Commencal ist doch bekannt für schwere, stabile Rahmen bekannt und auf die wird in BC oder in der EWS gerne zurückgegriffen. Sei froh dass du sowas unterm Bobbes hast und nicht so eine windige Cube oder Radon Schleuder!


----------



## Ben-HD (27. Mai 2020)

Na klar, sonst hätte ichs ja nicht gekauft wenn ichs nicht per se gut finden würde ?


----------



## prof.66 (28. Mai 2020)

Wenn du auf Shimano 12fach umsteigen willst beachte bitte das du einen anderen Freilauf brauchst und diesen gibt es nicht für alle Naben.

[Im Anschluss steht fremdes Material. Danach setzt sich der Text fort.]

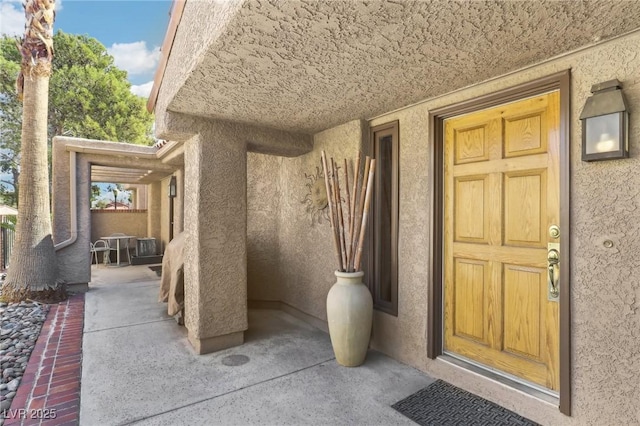 entrance to property with stucco siding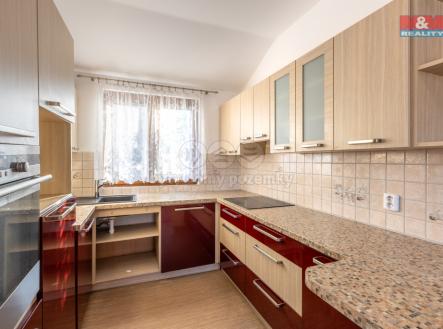 5 | Prodej - pozemek pro bydlení, 700 m²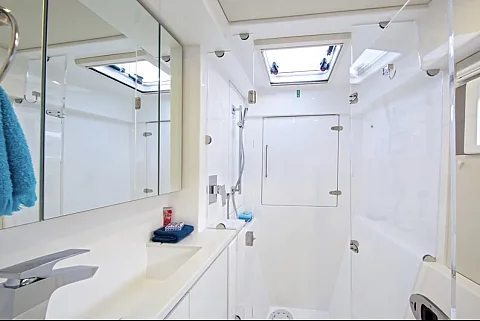  Phi Phi Islands (2 days / 1 night) | Krabi Explorer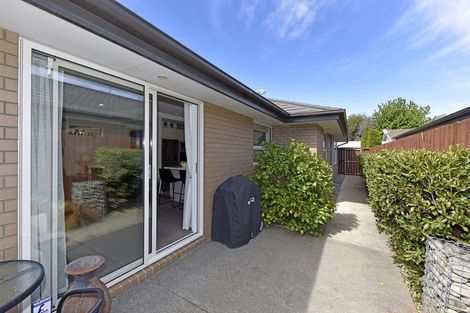 Photo of property in 4/198 Racecourse Road, Sockburn, Christchurch, 8042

Ansonsten kann ich die 12fach XT nur empfehlen, ich hab sie selbst am Meta AM verbaut und bin damit absolut glücklich. Hab allerdings auch kein vergleich zu eine Sram 12fach Schaltung .


----------



## Ben-HD (28. Mai 2020)

Microspline, stimmt. Da muss ich mich nochmal umsehen. Danke für die Denkhilfe! XT habe ich seit kurzer Zeit am Santa Cruz, die ist einfach nur großartig.


----------



## Caese (28. Mai 2020)

Ein Rad mit 4 kg Rahmengewicht ohne Dämpfer (selber gewogen, Größe L) wirst du nicht ohne erhebliche Einbußen in Stabilität oder Geldbörse unter 14 kg bringen (und ob das sich daraus ergebende Rad noch der Idee des Erfinders entsprich, wage ich zu bezweifeln). Am besten investierst du in eine Waage, die dir was anderes (leichteres) anzeigt - Du wirst 1 kg Unterschied am Rad ohnehin nicht merken und dein Kopf kann sich beim Gewichtsthema ausschalten  . Du wirst dich ziemlich sicher an das Gewicht gewöhnen.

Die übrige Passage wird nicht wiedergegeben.